Calban was on the pavement outside the office block. Freedom at last. It was daylight outside. He should not have been surprised. The summer season was approaching. In the office there were windows, large windows to draw in as much light as possible from outside and reduce lighting costs, but the rooms were big and needed a lot of the workers to sit a long way away from the windows. He did himself. The strip lights were very bright. It was thought that there was a beneficial correlation between brightness and productivity. They were probably right. You could not relax, there were no dark corners you could hide in unnoticed and go to sleep. Everyone could observe everyone else. No privacy, but nothing interesting to look at.
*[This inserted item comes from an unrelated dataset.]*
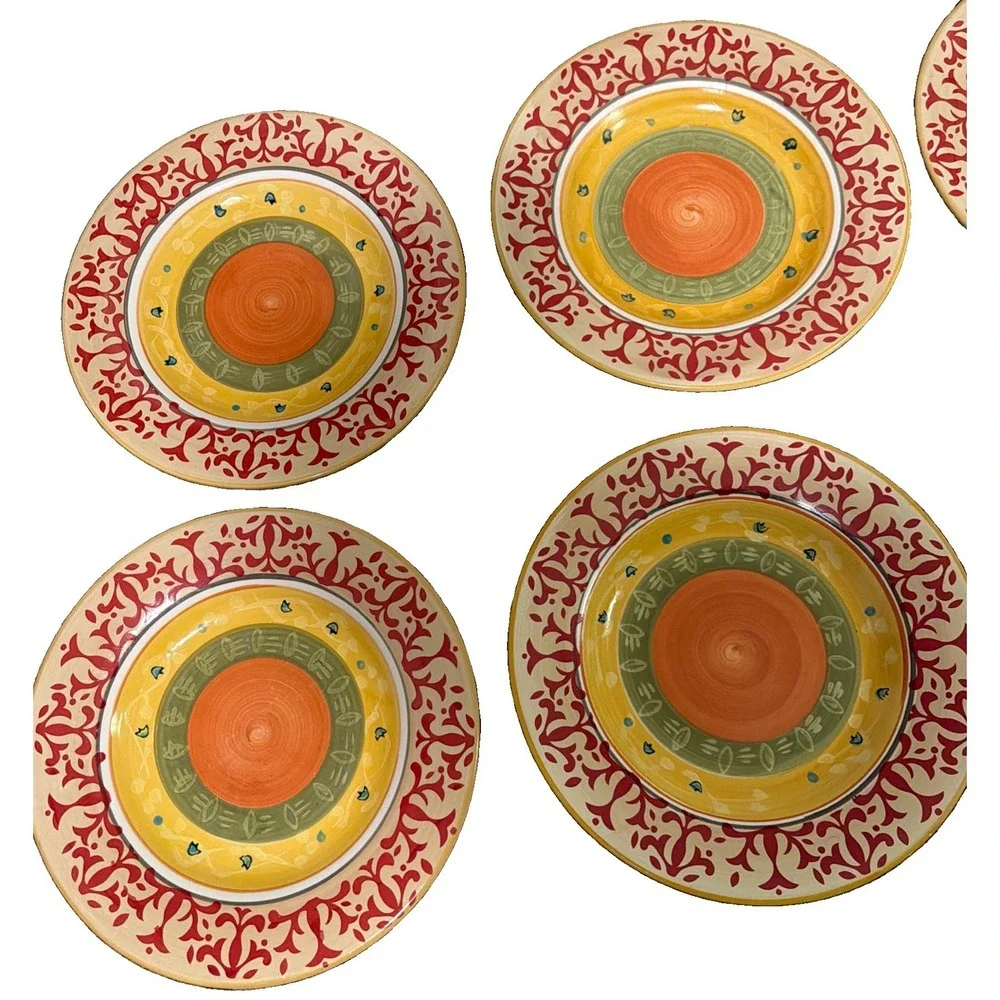 Home American Simplicity Dinner Plates Set of 6 Stoneware Red Orange 11in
The light was different out here, not loudly bright, just everything was light. Things out here were not struggling to hide from the light; they wanted to be light because the light out here belonged here. It was natural. Even so, the buildings might have been built to obscure the light. There were rows of tall buildings ten or twenty storeys high, some of them reaching towards space and the light, but obscuring it for the people on the ground. Calban did not really mind that the buildings diminished the light. There were plenty of other spaces in the world where there were no buildings or fewer buildings. This was a special place. The largest city in the world, the tallest city in the world. Marta City, the capital of the Empire, the home of the International Alliance, the commercial capital of the world, a monument to Progress and to History. In itself, it was beautiful. It was crazy but it was very beautiful.